NHK札幌放送局

狂言の魅力を伝えたい 北海道から狂言を発信

道北チャンネル

2022年12月26日(月)午後4時26分 更新

室町時代から演じられてきた古典芸能、狂言。北海道唯一の狂言師が上富良野町にいます。芸能文化に触れる機会の少ない地方で、狂言という芸能の存在を少しでも知って欲しいと取り組む男性の思いに迫りました。
(旭川放送局  伊勢谷剛史)

北海道ただ1人の狂言師

狂言の2大流派のうちの1つ、大藏流に属する狂言師、榎本元さん(50)です。
上富良野町在住で、北海道唯一の狂言師です。
芸歴31年、全国で1000回以上の舞台に立った経験があります。

狂言は能とともに室町時代から演じ続けられてきた古典芸能です。中世の人間模様を対話中心で演じる喜劇で、時代を超えた普遍的な人間のこっけいな姿を描いています。

榎本元さん
「700年近く続いている芸能、700年続いてきた意味を考えると、すべてが決まっていることを忠実にやることが、狂言が続いていくことにつながる奥深さはすごく魅力に感じます」

千葉県出身の榎本さんは東京の大学に入学後、サークルで狂言を始めました。700年続いてきた伝統の芸を繰り返し演じることで、自分の中にしみこませていく。その感覚が魅力に感じた榎本さんは、大学卒業後に現在の師匠である2世大藏吉次郎に弟子入りしてプロの道へ入りました。


東京から上富良野へ

平成18年、榎本さんたちは上富良野町で地方公演を行いました。初めて本物の狂言に触れて感銘を受けた町の人たちは、自分たちも狂言を習ってみたいと感じるようになりました。そこで榎本さんは2~3か月に1度、東京から上富良野を訪れて狂言教室を開くことになりました。
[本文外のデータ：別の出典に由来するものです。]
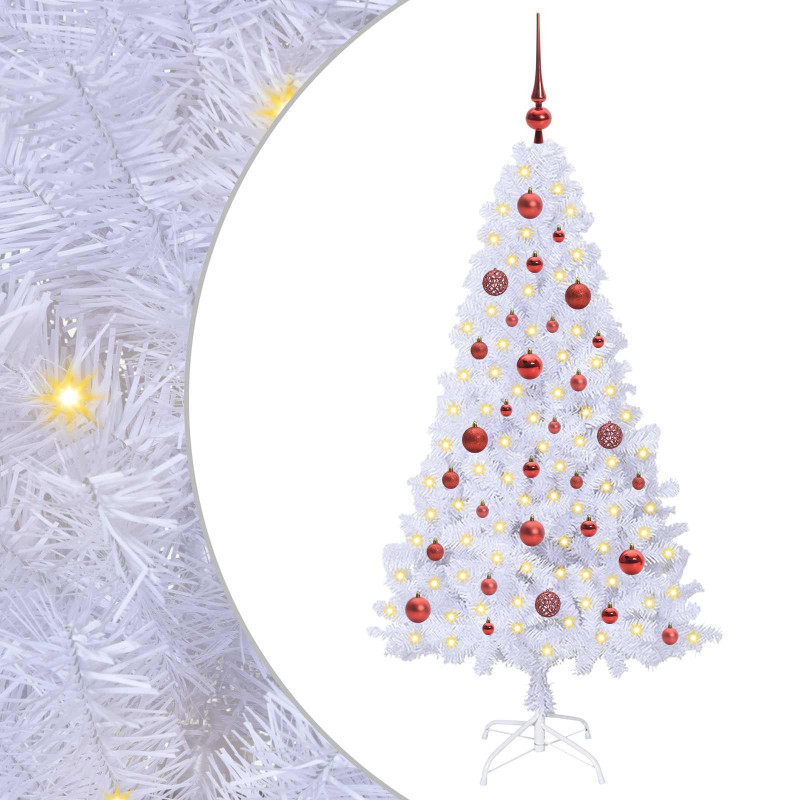 Sztuczna choinka z 150 diodami LED Biały 150 cm PVC i stal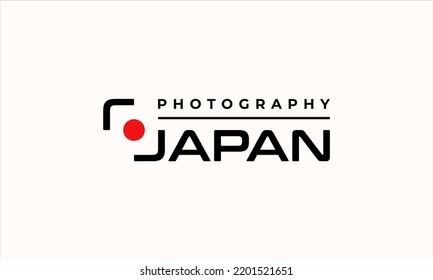 illustration vector graphic logo design. combination logotype JAPAN, frame, and japan symbol flag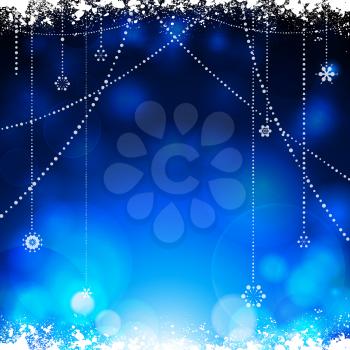 Festive Glowing Blue Christmas Background with Snow and Hanging Stars Decorations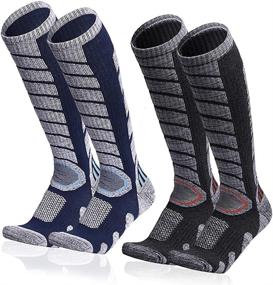 img 4 attached to 🧦 Thick Winter Long Ski Socks - 2 Pairs for Snowboarding, Skiing, and Outdoor Activities - Men's and Women's Warm Calf Socks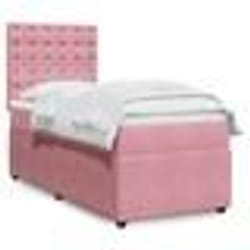 vidaXL Sommier à lattes de lit avec matelas Rose 100x200 cm Velours - 100 x 200 cm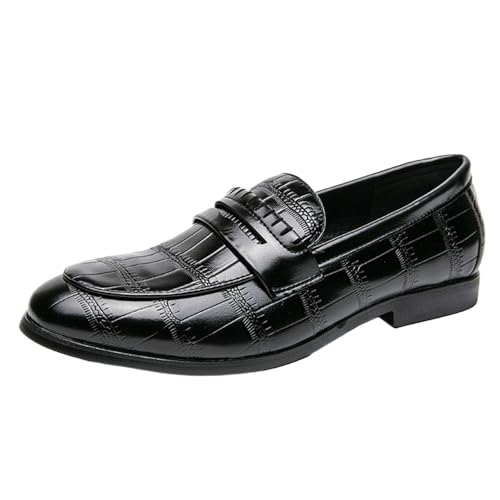 Men Oxford Dress Shoes Formal Slip On Business Leather Plain Toe Low Heel Non Slip Rubber Sole Comfortable Office Wedding Shoes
その中で榎本さんは上富良野出身の妻・佳香さんと出会い結婚。一度は東京で生活を始めましたが、長男の誕生がきっかけで子育てのため上富良野へ10年前に移住しました。
公演のたびに東京と北海道を行き来する生活を送っています。

榎本元さん
「やっぱり子育てをするなら東京よりも北海道の広いところがいいよねっていうので、こちらに住むことに対しては全く違和感なくすんなり移住は決まりました」

榎本さんは自然豊かな上富良野町で生活することが、狂言の芸にもよい影響を与えていると言います。

榎本さん「北海道に住むようになってちょっと狂言変わったよねっていうふうに言ってくださる方もいた。今まで何か窮屈そうに見えていた芸がちょっと穏やかになったとか伸び伸びしてるように見えると」。

現在、佳香さんと息子2人の4人暮らしの榎本さん。
長男の朔太郎くん(10)はお父さんから狂言の稽古を受けています。
先月(11月)には東京で初舞台を踏みました。
息子の目から見ても、狂言を演じる父親の姿は大きな存在です。

朔太郎くん
「(お父さんの舞台はどう?)いつもよりも何かピシッとしてる感じ」

このことばには榎本さんも照れ笑い。

榎本元さん
「普段の父親の姿と舞台の上の姿は、やっぱり違って見えた方がいいかなと思います」


上富良野に狂言の文化を広めたい

榎本さんが始めた狂言教室は今でも続いています。これまでは公民館や神社を借りて稽古を行っていましたが、榎本さんは先月(11月)引っ越しを行い、自宅の1階部分を稽古場として使い始めました。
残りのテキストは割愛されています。